Work to complete:
Whenever the word "with" turns up in a line of the data below, copy that line.

Data supplied START

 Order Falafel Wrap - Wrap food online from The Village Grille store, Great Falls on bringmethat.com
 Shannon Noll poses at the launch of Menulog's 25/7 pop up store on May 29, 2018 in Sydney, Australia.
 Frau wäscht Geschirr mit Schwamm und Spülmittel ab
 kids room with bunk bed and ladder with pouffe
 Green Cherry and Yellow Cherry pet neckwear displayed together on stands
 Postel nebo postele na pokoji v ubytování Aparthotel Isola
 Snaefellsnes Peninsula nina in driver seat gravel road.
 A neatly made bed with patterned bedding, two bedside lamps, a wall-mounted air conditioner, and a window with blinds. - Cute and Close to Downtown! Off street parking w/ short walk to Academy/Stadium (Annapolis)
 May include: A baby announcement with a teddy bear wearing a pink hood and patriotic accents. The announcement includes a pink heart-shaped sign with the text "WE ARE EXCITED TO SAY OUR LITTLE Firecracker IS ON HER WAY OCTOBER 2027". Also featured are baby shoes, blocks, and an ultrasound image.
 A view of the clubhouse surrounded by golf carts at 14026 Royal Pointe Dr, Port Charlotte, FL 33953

Data supplied END

Reply:
 kids room with bunk bed and ladder with pouffe
 A neatly made bed with patterned bedding, two bedside lamps, a wall-mounted air conditioner, and a window with blinds. - Cute and Close to Downtown! Off street parking w/ short walk to Academy/Stadium (Annapolis)
 May include: A baby announcement with a teddy bear wearing a pink hood and patriotic accents. The announcement includes a pink heart-shaped sign with the text "WE ARE EXCITED TO SAY OUR LITTLE Firecracker IS ON HER WAY OCTOBER 2027". Also featured are baby shoes, blocks, and an ultrasound image.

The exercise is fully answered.